Picture it.  Dew drops on sprigs of greenery.  The humidity is thick, nearly suffocating.  Let it slide along your arms, as if wrapping you in the safe embrace of a lover: hands entangled in your hair and at the back of your neck, keeping you in such away that you could not possibly fall into harm.

In water tendrils of hair flair out.  They individualize.  A single hair can reach out, curl, dance on its own away from the body.  In such away, you are surrounded entirely by a ballet of life.  Stretch, shudder, shiver.  A breath fills the lungs with the lightness of clouds.  Rise up.  Let your body curl as hair does in water.  Surrender.



Now, having experienced the music, my curiosity will get the better of me.  "Svanire," in Italian, has six meanings:  to fade, to disappear, to deaden, to vanish, to wither, to evanescence.  This contrasts entirely with my experience with the song.

Does the song truly reflect the intent of the writer, or does it breathe its own life?  Perhaps my interpretation is wrong.  The video listed on Einaudi's lastfm page shows images of a fetus.  I stopped watching midway through it because it, as the word Svanire means, killed my experience.

Or perhaps my vision, too, was about an ending.  I felt a sense of surrender and acceptance.  While I felt a warm sense of safety, there is no way to say if that is a beginning or an ending of some other emotions.  Regardless, the exploration of the piece leaves me with a sensation of exhaustion, as the climax of an emotional and physical experience often does.  I hope that you, too, can experience something similar by listening.

http://www.youtube.com/watch?v=naiu-of7J80

1 comment:

  1. After reading I followed the link.

    The first thing I feel is close to that of waking up on a morning I did not expect to be beautiful, with light peaking over clouds that had hung over my head the night before.

    I cannot help but noticing the sounds of breath as if I am listening to the cellist embrace the emotion of the music with me.

    The notes leak out from a place in me that longs for a return to the days when I played such songs as this. Days before I discovered what notes and phrases could really hold and what places they could take me to.

    As I wake to the beautiful and raw nature of a morning unaware of what tragedies I might have experienced I get the feeling that life, time, simply keeps moving. The song ends for me in quiet embrace, I to surrender, but possibly to another muse.

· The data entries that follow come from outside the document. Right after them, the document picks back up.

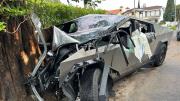 Demandan a Tesla por la muerte de dos personas en la pick-up favorita de Milei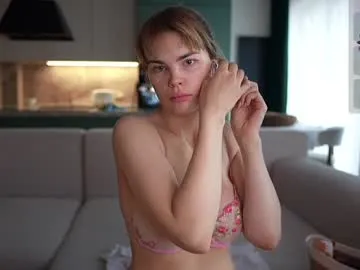 realtryit – webcam model profile photo Image 11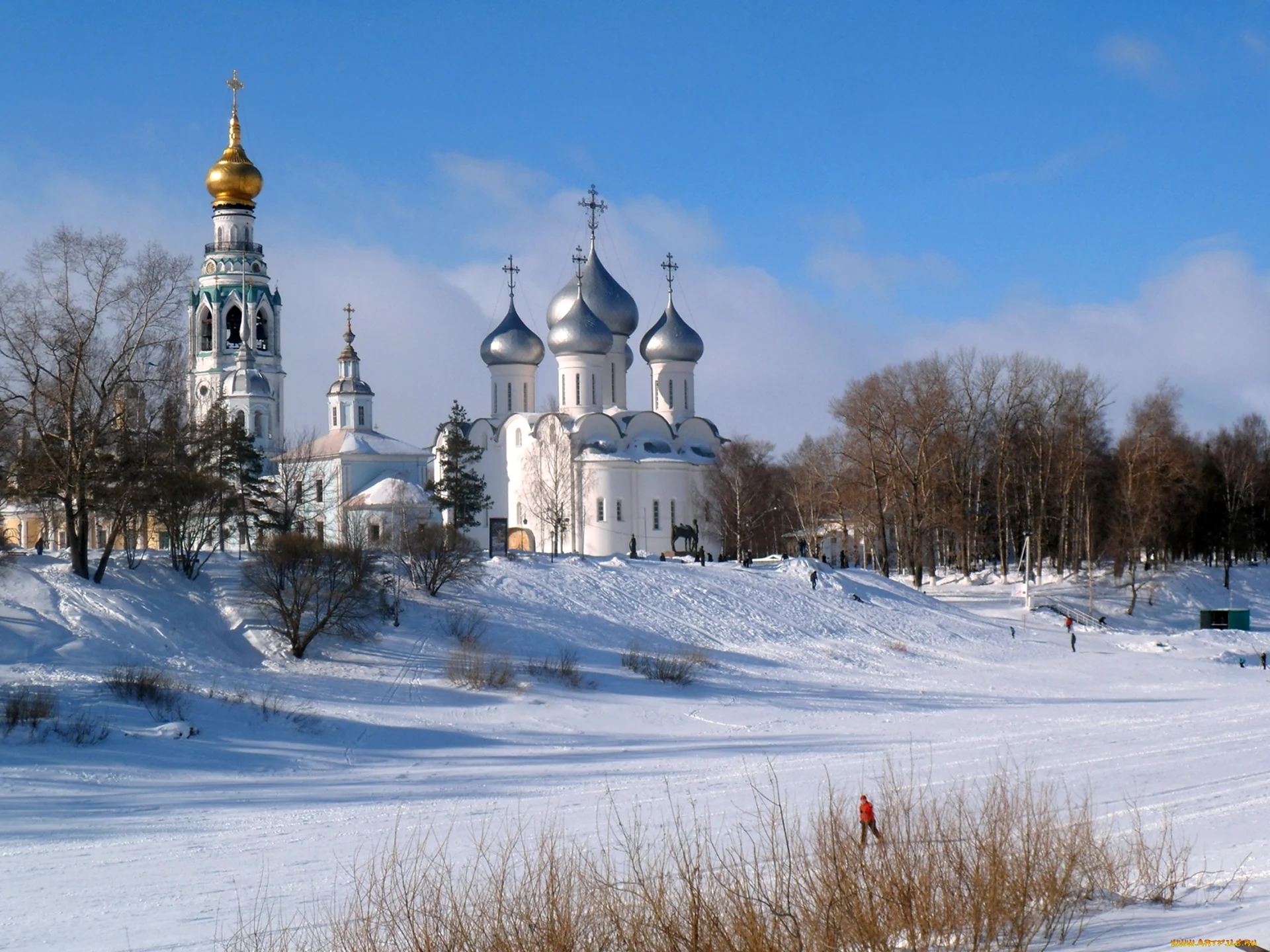 Кремлевская площадь Вологда зима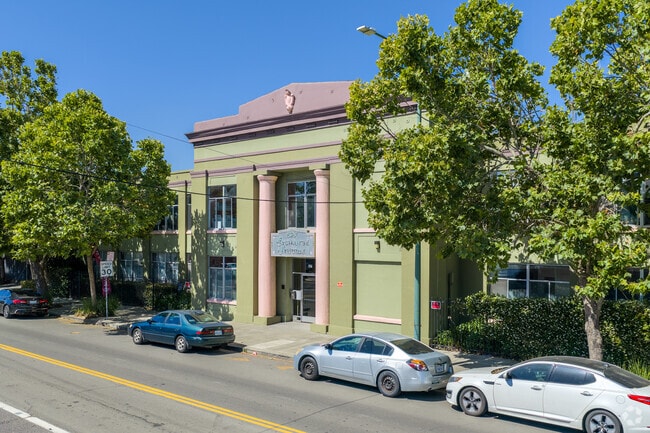 Building Photo - Exchange Studios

    I think that music comes from a place in us that cannot be truly controlled or understood. It’s a driving force that is as much instinctual as the need for love; at least that’s how I see it. So I cannot say that your interpretation is wrong, no more than I can say mine is right. My question is what is it inside us that connects so freely to hair catching on a tight line of metal, releasing it, and catching again.